WARNING: You always have to put the above practical dietary instructions inside the framework of GENERAL NUTRITIONAL GUIDELINES with the aim to know their limits when looking for a solution of a specific nutritional problem. You also need to be familiar with THE ROLE OF NUTRITIONAL GUIDELINES with the aim to avoid any one-sided conclusions.

   NOTES

  1. The verb 'to cook' in English means: to prepare for eating by applying heat, as by boiling, frying, baking, etc. Sometimes the text mentions 'cooking and baking' because they represent two main groups of heat treatment of food which demand different skills.
  2. Rudolf Steiner, Dornach, 31.07.1924; www.rsarchive.org
  3. There are adherents of a raw food diet who claim that cooking generally worsens the taste of foods. This might be the case, especially if one overcooks and uses low quality ingredients, but its not a rule (as macrobiotic style of cooking demonstrates). Although the question of taste is very personal, there are evidently foods which by cooking greatly improve in taste, such as beans, rice, bread, etc.
  4. Source: Paul Pitchford, Healing with Whole Foods - Asian Traditions and Modern Nutrition, North Atlantic Books, 2002
  5. Good jams are made from naturally/organically grown fruit and with the addition of natural sweeteners. For their list see Natural Sweeteners.
  6. For the description of these higher processes of transformation see principles in MYSTERIES OF INNER ALCHEMY and NUTRITION & SPIRITUAL DEVELOPMENT.

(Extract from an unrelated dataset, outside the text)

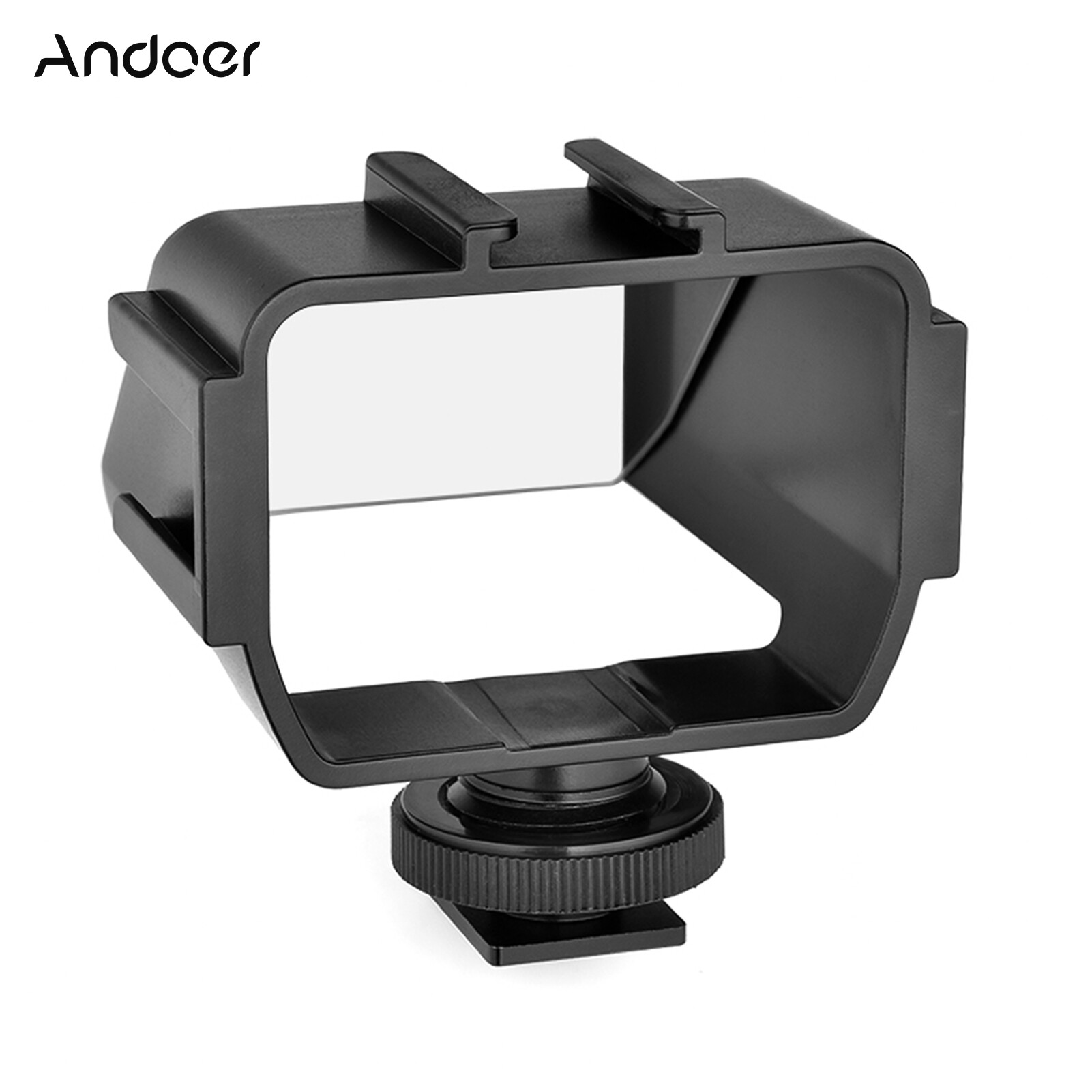 Andoer Universal Camera Selfie Vlog Flip Up Mirror Screen with 3 Cold Shoe Mounts for Installing Microphone Mini LED Light Compatible with Sony A6000/A6300/A6500/A72 Series/A73 Series Nikon Z6/Z7 Mirroless Cameras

  7. Rudolf Steiner, Stuttgart, 1.03.1920; Warmth Course, www.rsarchive.org
  8. Wikipedia, Temperature, July 2016
  9. As above
  10. Rudolf Steiner, Stuttgart, 13.03.1920; Warmth Course, www.rsarchive.org
  11. Rudolf Steiner, Dusseldorf, 12.04.1909
  12. Rudolf Steiner, Munich, 14.03.1909; Metamorphoses of the Soul – Paths of Experience, Vol. 1, Rudolf Steiner Press, 1983
  13. People can have such experiences without being aware about the moral side of them. For example, one can eat the same type of dish made by two different people in a relatively short period of time and (s)he likes one and not the other. People usually ascribe this impact to the difference in cooking skills. But even if this were the case, it proves the point, for the level of skills depends on the level of interest and enthusiasm for whatever people do, and this reflects the moral development of human being.
  14. Mueslis usually contain flakes which are made with the help of heat treatment. One exception is flakes made at home with the hand or electric flaker, another is freshly ground wholemeal flour soaked overnight and used instead of flakes. But we need to know that this type of breakfast was developed by Dr Bircher-Benner as a part of his therapeutic approach. For an explanation of the therapeutic effects of a raw food diet see RAW vs COOKED FOOD.
  15. In this group sprouted legumes are not included (which many people consume raw in small amounts as an addition to salad, etc.) because sprouting does not make them digestible to the same degree as cooking does. This is also evident from the fact that the taste of sprouted legumes is not really different from the taste of raw soaked ones. For that reason it is recommended that you cook or sauté them for few minutes until they lose their raw taste.
  16. In booklet Nutrition No. 1 (Eugen Kolisko, Kolisko Archive Publications, 1978) it is reported about an experiment with one groups of rats being fed food taken from a public restaurant at 12 o'clock and another group with the 'same' food three hours later. The result was that rats fed with older food started losing weight, and finally died. Although we cannot transfer this result to human beings in the manner scientists usually do, it nevertheless demonstrates the loss of vital forces due to regular consumption of overcooked food and/or leftovers.
  17. Dr Ehrenfried Pfeiffer reported about a remarkable example of the food with strong vital forces, biodynamically grown wheat which was subjected to warming at 100 °C for 30 minutes and afterwards still sprouted. Source: Pfeiffer, Sub-Nature and Super-Nature in the Physiology of Plant and Man – True Foundations of Nutrition, Mercury Press, 1981
  18. As we nourish ourselves also via senses (see COSMIC NUTRITIONAL STREAM), it is important that we provide them with the best quality sense impressions – that is, with the things made from natural materials, such as ceramic, metal, wood, glass, etc.